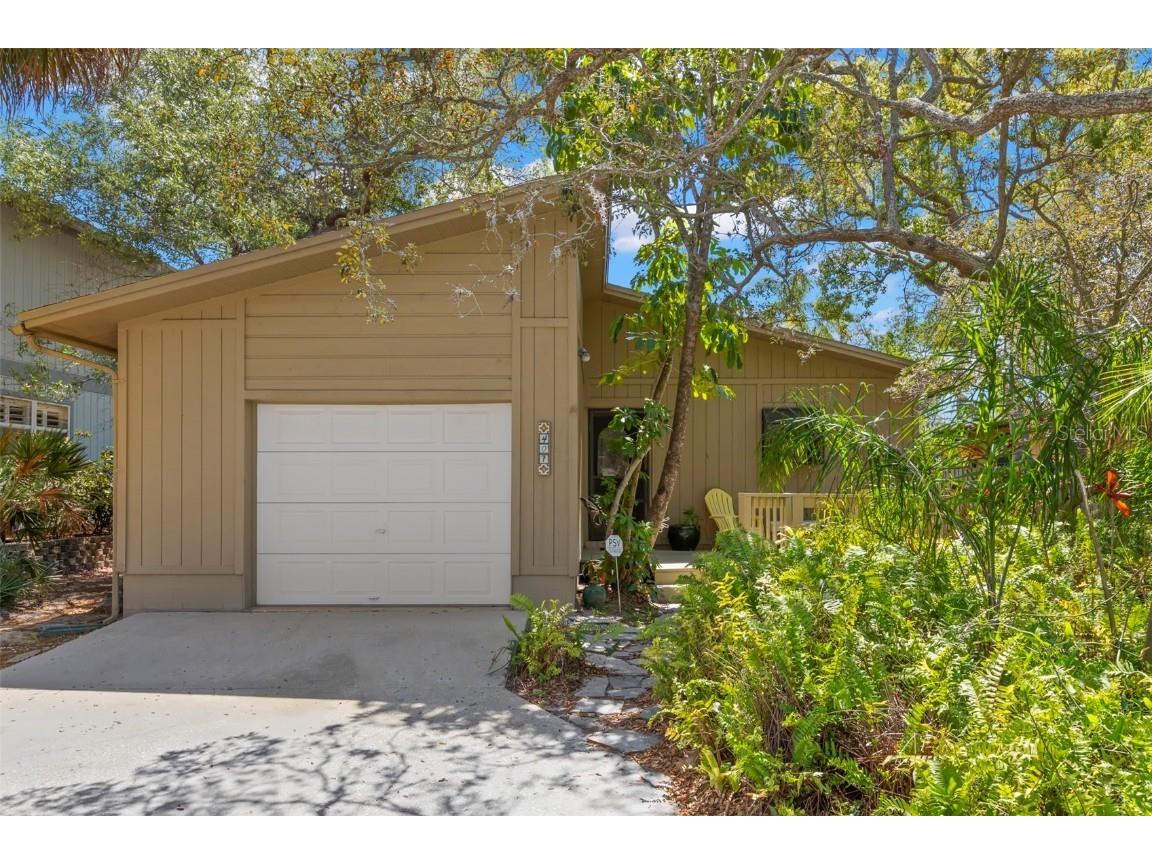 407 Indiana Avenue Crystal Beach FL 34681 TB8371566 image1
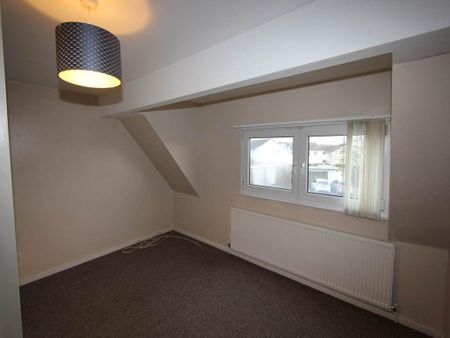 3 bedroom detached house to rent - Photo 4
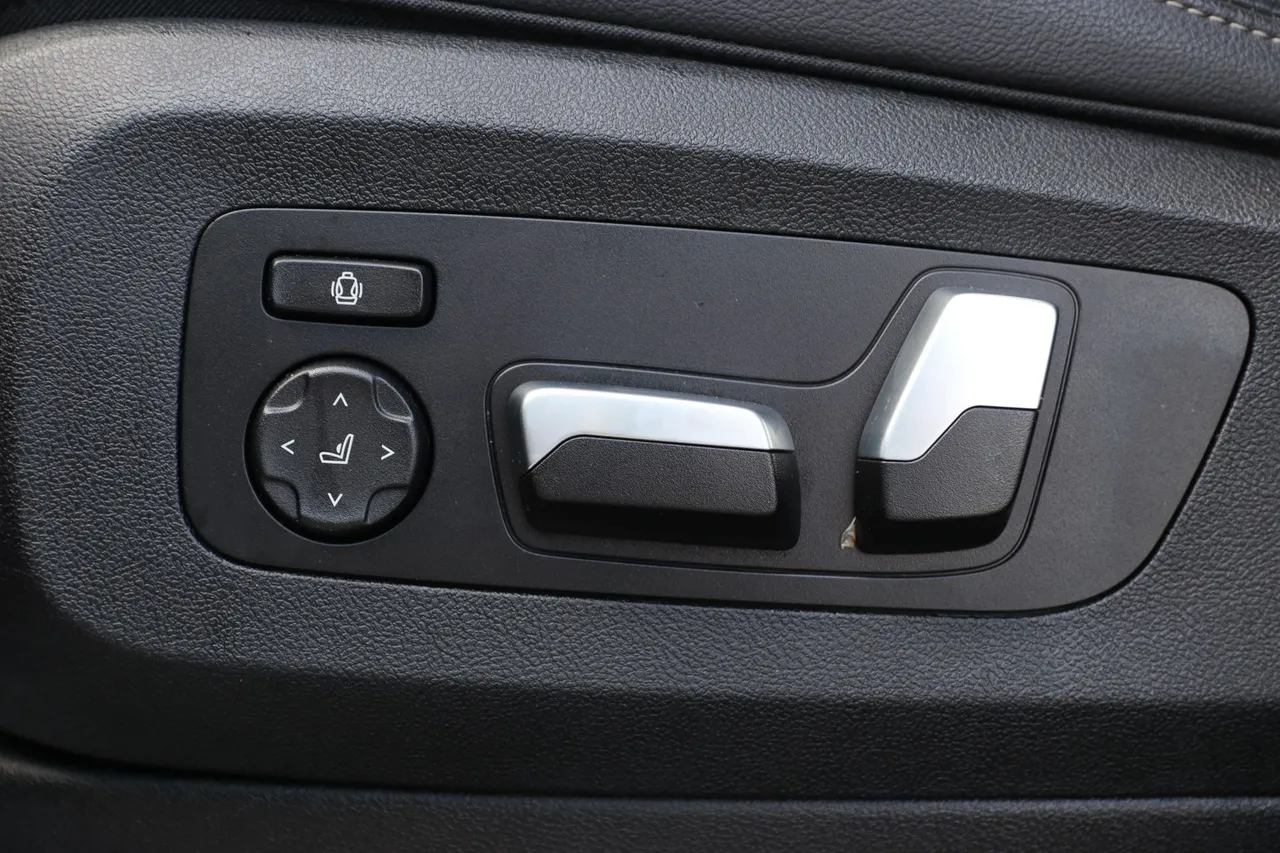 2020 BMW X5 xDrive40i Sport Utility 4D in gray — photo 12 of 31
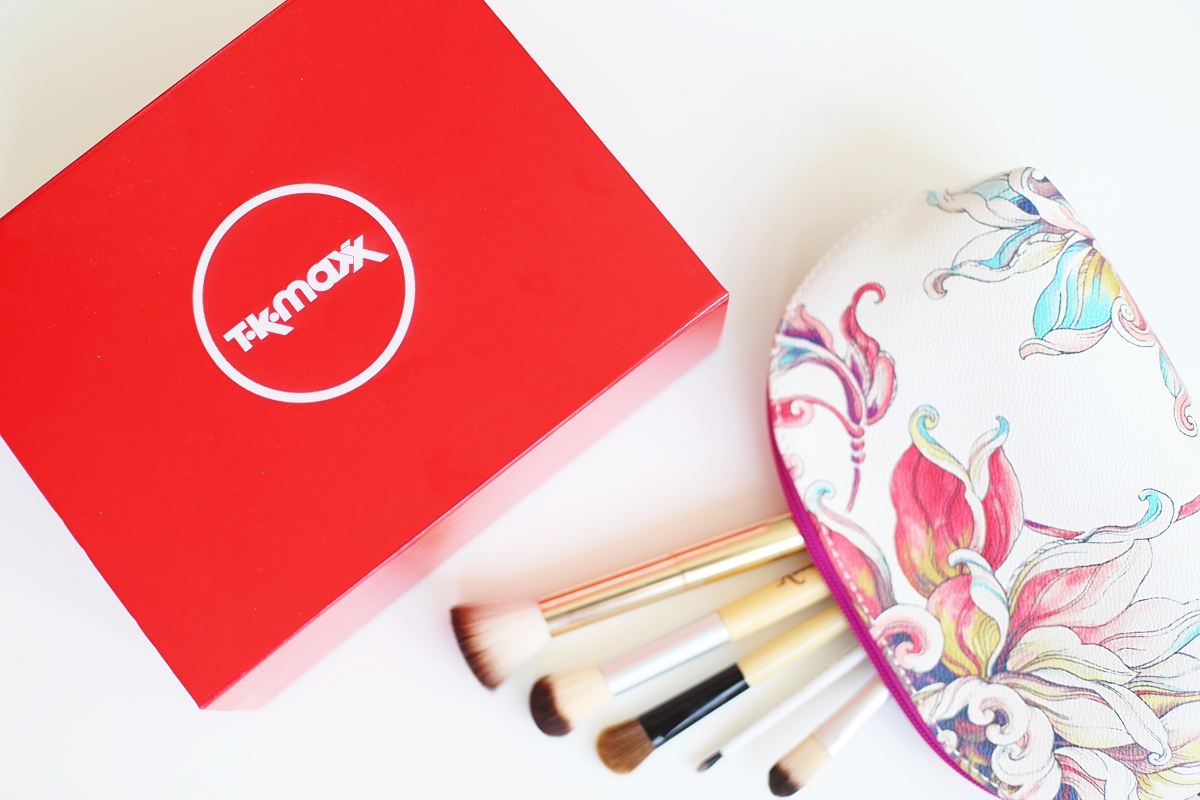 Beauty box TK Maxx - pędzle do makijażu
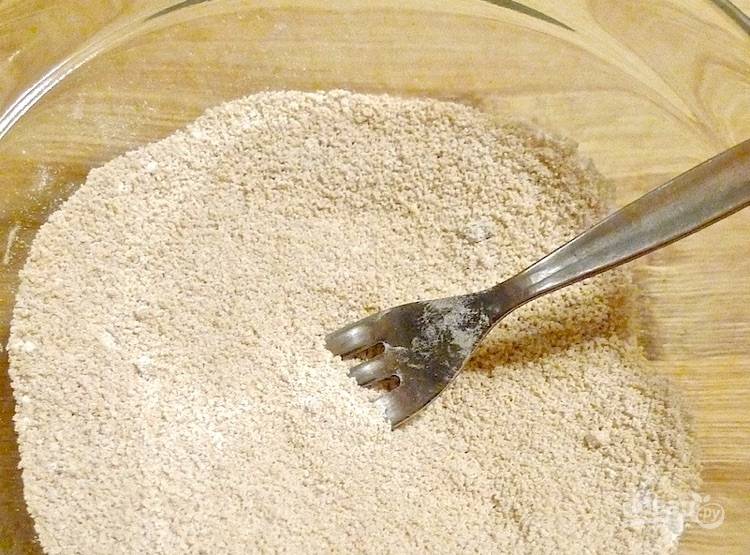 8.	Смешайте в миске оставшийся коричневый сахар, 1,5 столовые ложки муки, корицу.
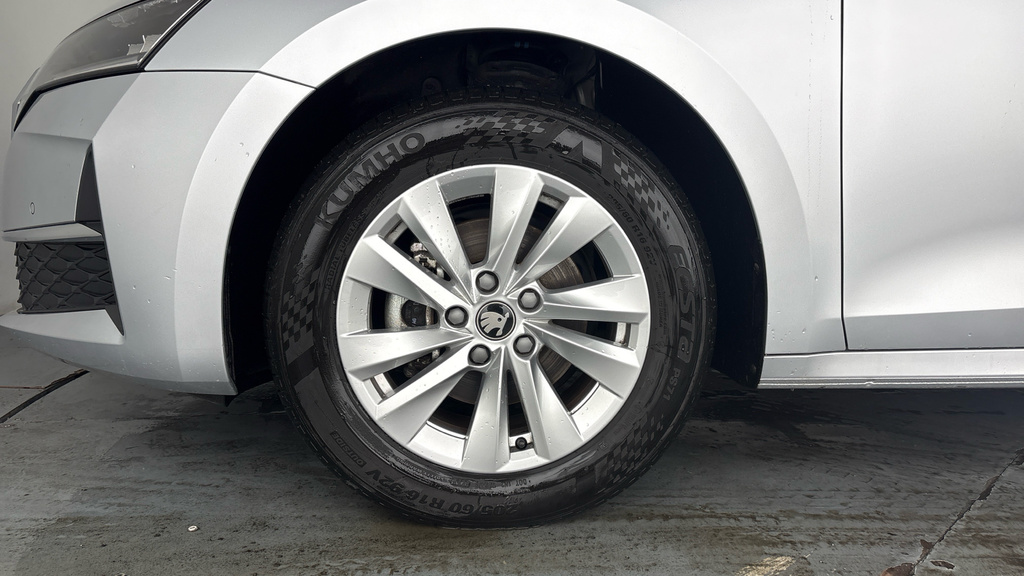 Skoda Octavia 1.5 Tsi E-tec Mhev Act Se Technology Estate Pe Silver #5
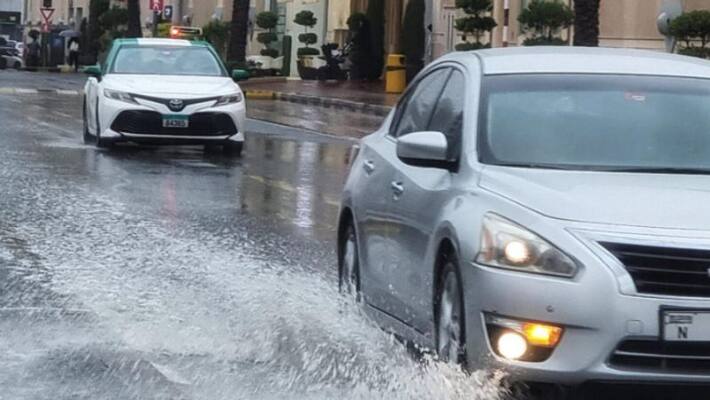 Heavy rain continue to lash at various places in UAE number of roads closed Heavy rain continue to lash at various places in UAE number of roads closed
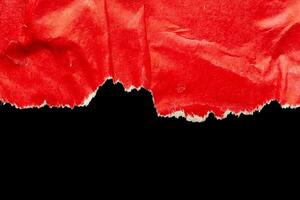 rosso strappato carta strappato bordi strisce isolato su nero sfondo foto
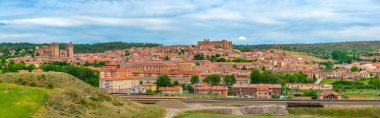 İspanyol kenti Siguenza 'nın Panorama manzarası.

------------------------------------------------------------------------

Directions: The reply must hold every line above exactly as written and none of the pictures.

Answer to this task:
 407 Indiana Avenue Crystal Beach FL 34681 TB8371566 image1
 3 bedroom detached house to rent - Photo 4
 2020 BMW X5 xDrive40i Sport Utility 4D in gray — photo 12 of 31
 Beauty box TK Maxx - pędzle do makijażu
 8.	Смешайте в миске оставшийся коричневый сахар, 1,5 столовые ложки муки, корицу.
 Skoda Octavia 1.5 Tsi E-tec Mhev Act Se Technology Estate Pe Silver #5
 Heavy rain continue to lash at various places in UAE number of roads closed Heavy rain continue to lash at various places in UAE number of roads closed
 rosso strappato carta strappato bordi strisce isolato su nero sfondo foto
 İspanyol kenti Siguenza 'nın Panorama manzarası.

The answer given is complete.